Indeed, Sessions’ argument regarding how a determined Congress could defund Planned Parenthood needs to be heralded and applied to roll back a host of unconstitutional programs and agencies.
Of course, effective use of this power presumes that the House of Representatives has the backbone to roll back an out-of-control federal government, using the Constitution as its guide. Ultimately, that kind of backbone has to come from an informed public back home
Realistically, there is insufficient will in Congress today, even among Republicans, to roll back and eliminate unconstitutional programs and departments or to even defund many clearly subversive programs such as Planned Parenthood. To support that conclusion requires an understanding of the Establishment forces that dominate the leadership of both parties and the political environment that regularly drives the actions of most congressmen.
The Right Thing to Do
Nevertheless, Americans who want to see real change in Washington need to understand the right way for Congress to leverage its power over the purse in today’s adverse political climate. They must then insist that their congressman set the example even if he or she stands alone.
As a start, that means rejecting any omnibus appropriations bills.
Next, congressmen need to honor their oath to uphold the Constitution (and its limits) by supporting only individual appropriations bills designed to restore constitutional government.
That does not mean every supportable bill must go cold turkey on all unconstitutional spending. What it does means is that any appropriations bill deserving support must be part of a serious plan to roll back or eliminate unconstitutional spending and programs.
Many unconstitutional programs should be curtailed immediately. Let America enjoy and be encouraged by the benefits of early relief from their burden. Still other programs may need to be phased out over a few years to reduce disruptive hardships and to honor prior government commitments. But that action must be initiated immediately, not deferred to future Congresses.
In short, we need to reject the widespread notion that congressmen must compromise on vital principle, such as their oath to uphold the Constitution, in order to cut the best deal possible. That rationalization just keeps America on a route to disaster.
To be sure, more congressmen setting the right example means, for the present, that the GOP leadership will continue to build its majority with liberal support. The opening Roll Call report concluded: “[P]retty much every major budget deal since Republicans took back the House has required the votes of at least some of Democratic leader Nancy Pelosi’s flock.”
But those congressmen who set the right example also help drive the real solution — more congressmen marching to the drumbeat of the Constitution supported and pressured by informed constituents.
There is no constitutional justification for the Department of Housing and Urban Development ushered in by President Johnson, for a Department of Education, or for a Department of Health and Human Services — to cite just a few examples of where the Federal government has been allowed to exceed its authority.

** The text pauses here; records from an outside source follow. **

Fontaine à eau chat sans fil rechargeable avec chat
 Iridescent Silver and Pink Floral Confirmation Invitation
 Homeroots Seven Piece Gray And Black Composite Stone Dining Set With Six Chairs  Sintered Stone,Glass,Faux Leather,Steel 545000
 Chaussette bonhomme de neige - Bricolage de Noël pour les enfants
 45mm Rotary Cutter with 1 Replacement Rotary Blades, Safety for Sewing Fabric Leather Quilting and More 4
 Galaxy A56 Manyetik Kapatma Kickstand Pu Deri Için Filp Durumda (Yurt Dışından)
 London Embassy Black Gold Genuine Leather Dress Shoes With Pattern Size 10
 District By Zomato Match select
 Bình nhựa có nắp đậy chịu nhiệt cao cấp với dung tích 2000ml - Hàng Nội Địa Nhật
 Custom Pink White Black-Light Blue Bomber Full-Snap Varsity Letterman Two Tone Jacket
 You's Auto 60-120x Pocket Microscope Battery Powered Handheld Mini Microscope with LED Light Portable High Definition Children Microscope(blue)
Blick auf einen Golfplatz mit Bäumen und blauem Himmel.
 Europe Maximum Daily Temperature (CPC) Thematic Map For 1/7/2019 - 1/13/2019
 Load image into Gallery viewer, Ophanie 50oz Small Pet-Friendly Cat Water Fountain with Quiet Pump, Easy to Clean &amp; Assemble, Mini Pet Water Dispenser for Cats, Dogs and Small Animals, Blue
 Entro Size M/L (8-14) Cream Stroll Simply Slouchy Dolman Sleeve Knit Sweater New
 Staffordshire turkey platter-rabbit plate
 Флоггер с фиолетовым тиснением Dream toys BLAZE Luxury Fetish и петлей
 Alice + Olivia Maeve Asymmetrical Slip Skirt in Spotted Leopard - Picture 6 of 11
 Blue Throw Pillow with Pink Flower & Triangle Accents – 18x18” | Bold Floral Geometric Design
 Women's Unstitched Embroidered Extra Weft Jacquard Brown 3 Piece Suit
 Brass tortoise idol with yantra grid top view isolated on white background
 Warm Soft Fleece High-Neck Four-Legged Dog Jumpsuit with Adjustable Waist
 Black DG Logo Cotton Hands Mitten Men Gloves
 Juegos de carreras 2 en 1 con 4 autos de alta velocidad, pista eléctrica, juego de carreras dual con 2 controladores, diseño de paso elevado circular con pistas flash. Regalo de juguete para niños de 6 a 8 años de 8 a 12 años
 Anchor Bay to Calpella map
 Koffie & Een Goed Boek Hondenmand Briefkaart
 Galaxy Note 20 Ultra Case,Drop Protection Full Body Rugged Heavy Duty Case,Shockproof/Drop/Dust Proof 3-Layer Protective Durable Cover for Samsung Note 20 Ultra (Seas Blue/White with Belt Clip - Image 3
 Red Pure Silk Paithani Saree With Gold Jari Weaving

America cannot survive with congressmen who accept these prior socialist inroads and destructive decisions as irreversible and work only to prevent the next socialist usurpation. As Napoleon correctly observed: “The purely defensive is doomed to defeat.”
No, the real solution must come from building an informed electorate that will demand that Congress use its power of the purse to restore the federal government to its constitutionally authorized limits. In the face of media misdirection, building that informed electorate is no easy task.
But it can be done by an organized minority of Americans following a sound plan and leadership, such as Freedom First Society offers. And with the mess we’re in, there is simply no easy way out.